### Material provided
---------------

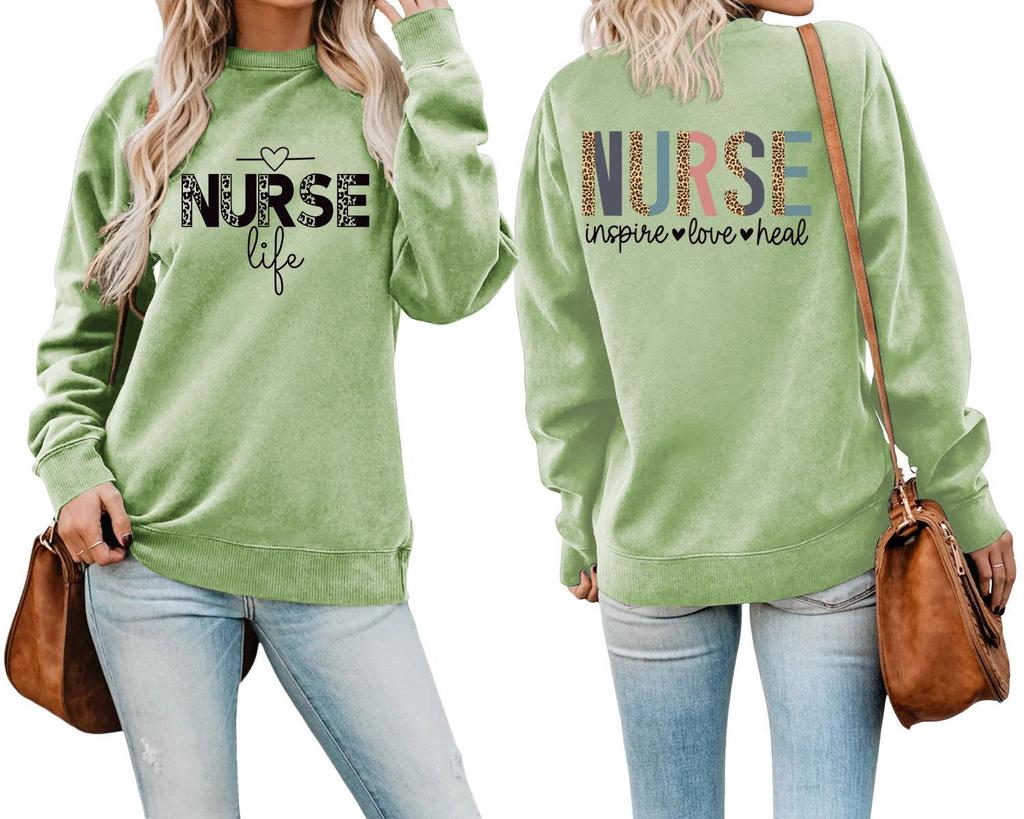 European Front & Back Print Nurse Inspire Love Heal Women's Versatile Hoodie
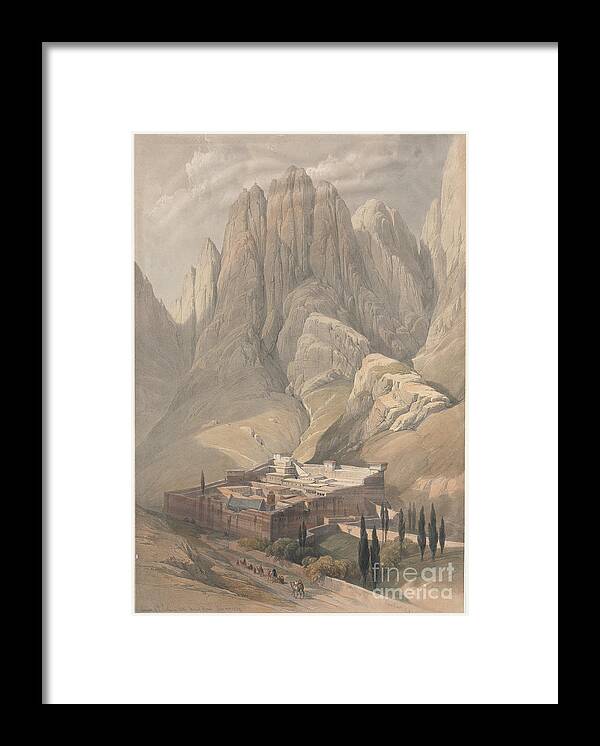 Convent Framed Print featuring the painting Convent of St. Catherine with Mount Horeb q1 by Historic illustrations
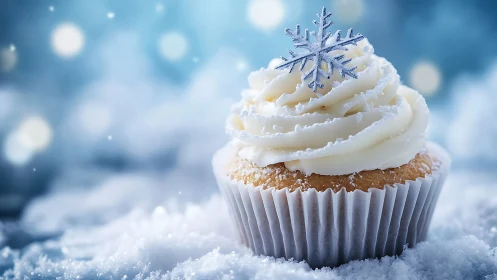Winter Cupcake With Snowflake Topper in Snow.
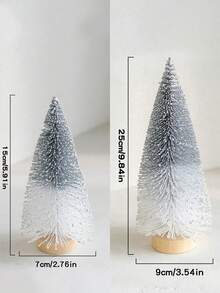 1pc/3pcs Mini Gradient Christmas Tree Decorative Ornament, Artificial Bottle Brush Christmas Tree With Wooden Base, Suitable For Christmas Decoration, Christmas Party, Home Desktop Decor And Photography Decoration, Home Decor, Christmas Decor, Room Decor - Multicolor - View 15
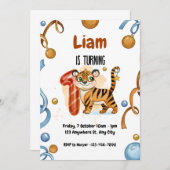 キュートタイガー1st誕生日パーティの招待状 招待状 (正面/裏面)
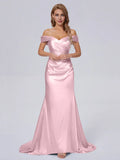 Simple Sheath/Column Off the Shoulder Sleeveless Satin Pleated Sweep Train Bridesmaid Dress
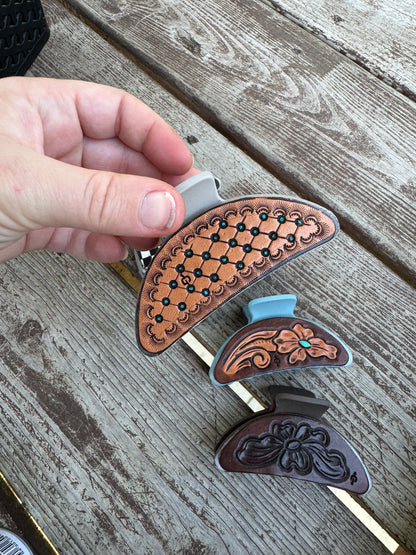 Half Round Sized Tooled Hair Clips - 3.5 inch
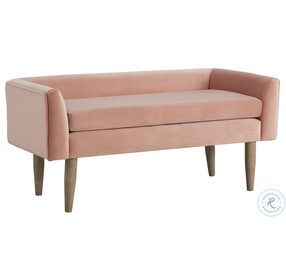Bella Blush Velvet Upholstered Bench
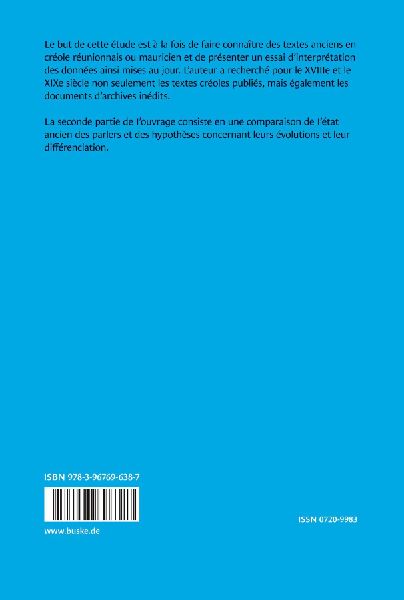 Kreolische Bibliothek 1: Textes créoles anciens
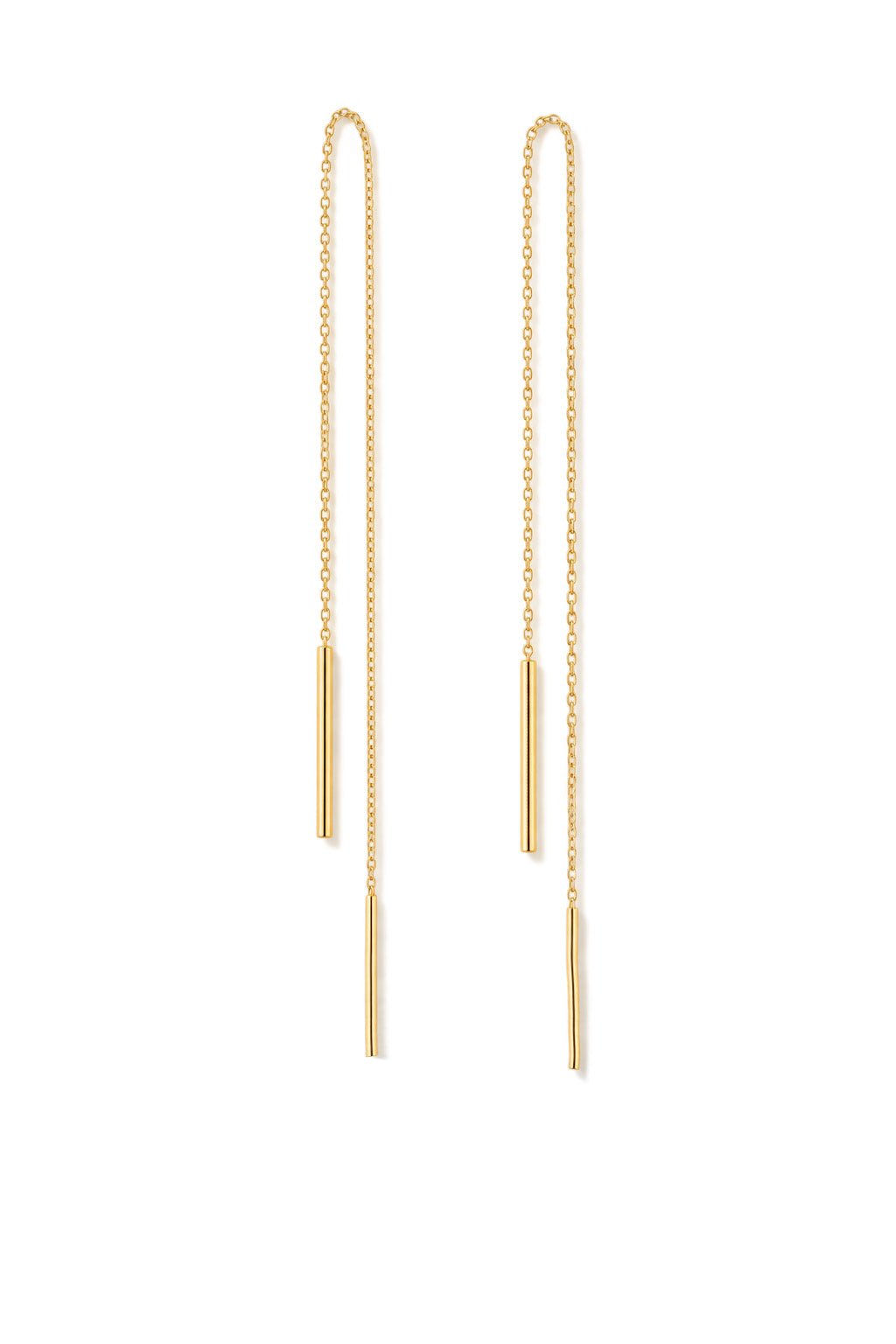 A pair of gold drop earrings with a delicate chain, a small cylindrical bar, and a longer dangling bar, shown on a plain white background.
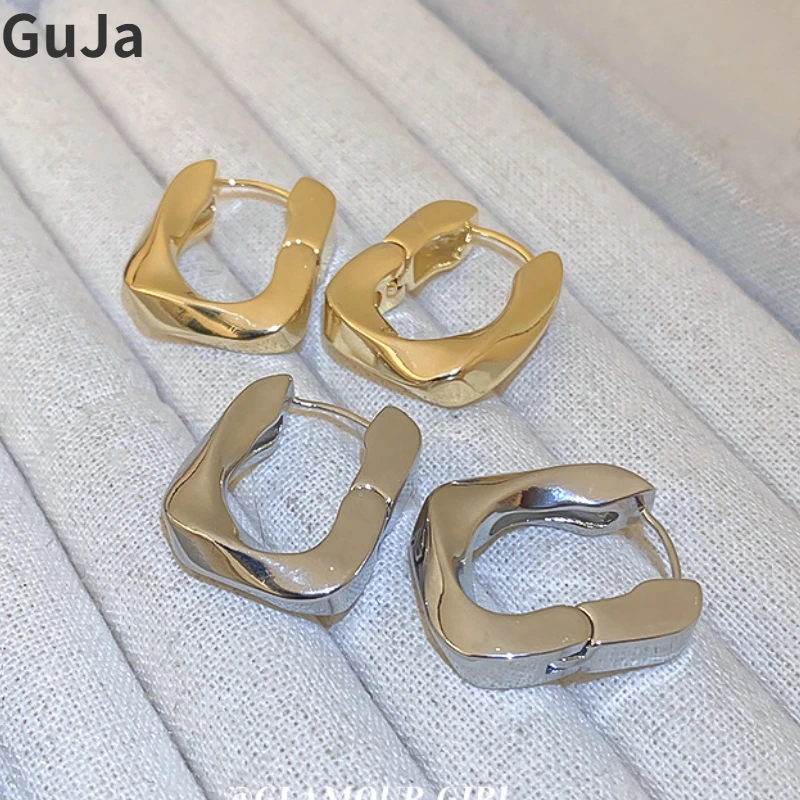 

Modern Jewelry High Quality Brass Metal Square Senior Sense Buckle Earrings For Women Girl Hot Sale Popualr Accessoreis Gift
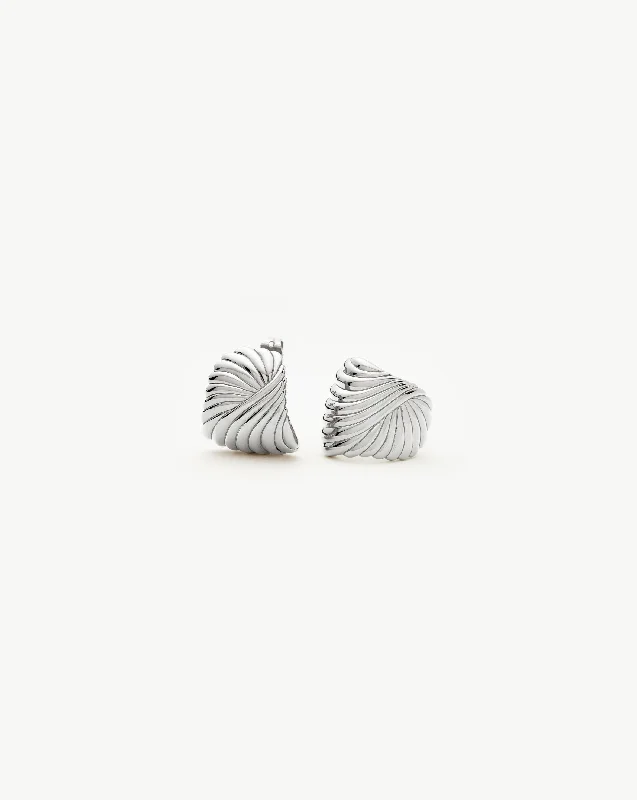 Ripple Stud Earrings | Silver Plated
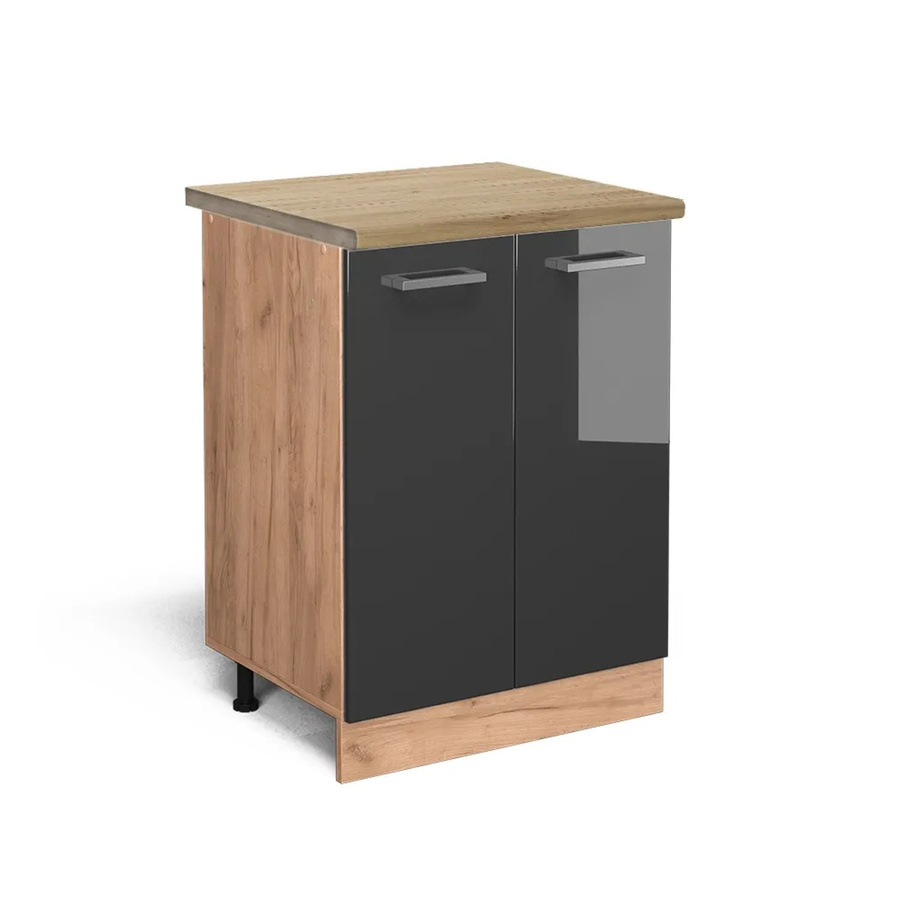 Vicco Küchenunterschrank R-Line in Anthrazit Hochglanz und Eiche, B/T/H: 60 x 60 x 81,6 cm - Bild 2
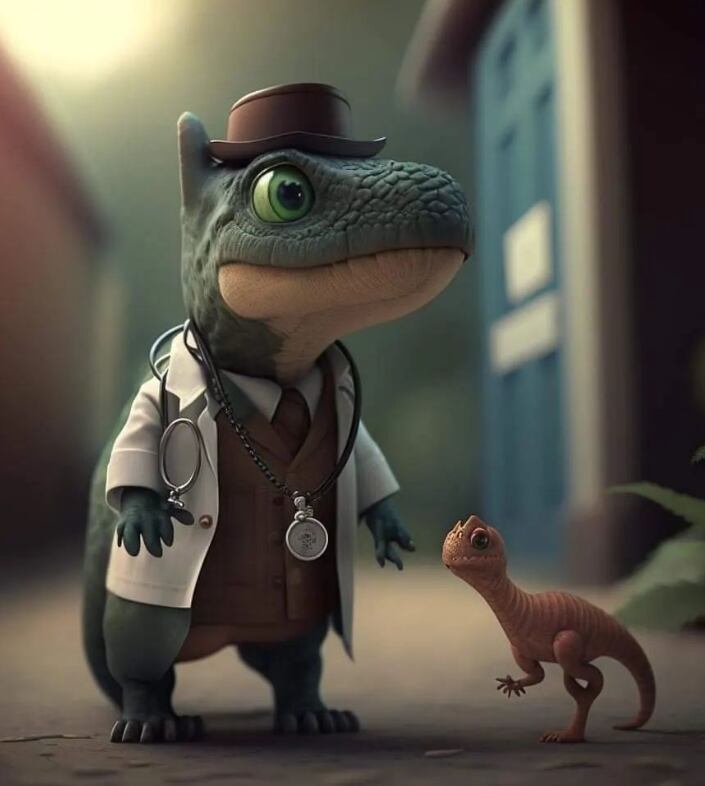 Los médicos no se salvaron de la tendencia. Aquí la imagen que luego fue bautizada como medicosaurius por los internautas.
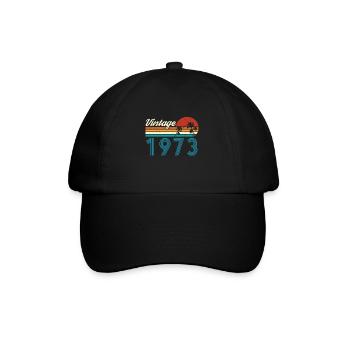 Vintage 1973 Vintage Geburtstag Retro Vintage - Baseballkappe - Schwarz/Schwarz - Vorne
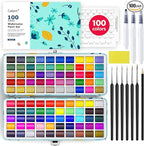 100 Colors Watercolor Paint Set with 4 Brushes, Portable Travel Water Color Kit with Carrying Case, Palette and Accessories, Art Supplies Gift for Artists Adults Painters Beginners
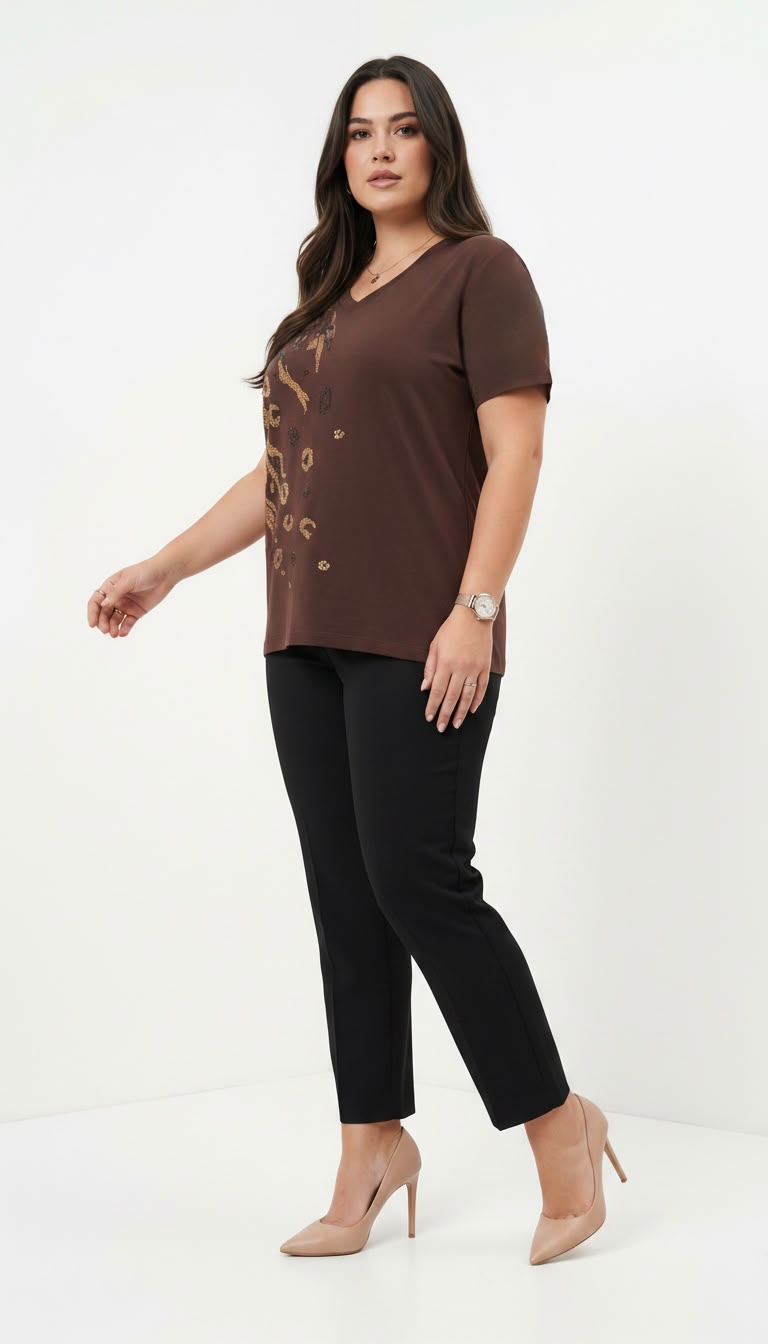 Koszulka damska plus size z koronką 1428-23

---------------

### Task to carry out
Look above for the line with "Convent Framed Print" and the line with "Winter Cupcake With Snowflake Topper in Snow."; set down those two lines and all lines between them exactly, without pictures and without anything else.

### Final answer
 Convent Framed Print featuring the painting Convent of St. Catherine with Mount Horeb q1 by Historic illustrations
Winter Cupcake With Snowflake Topper in Snow.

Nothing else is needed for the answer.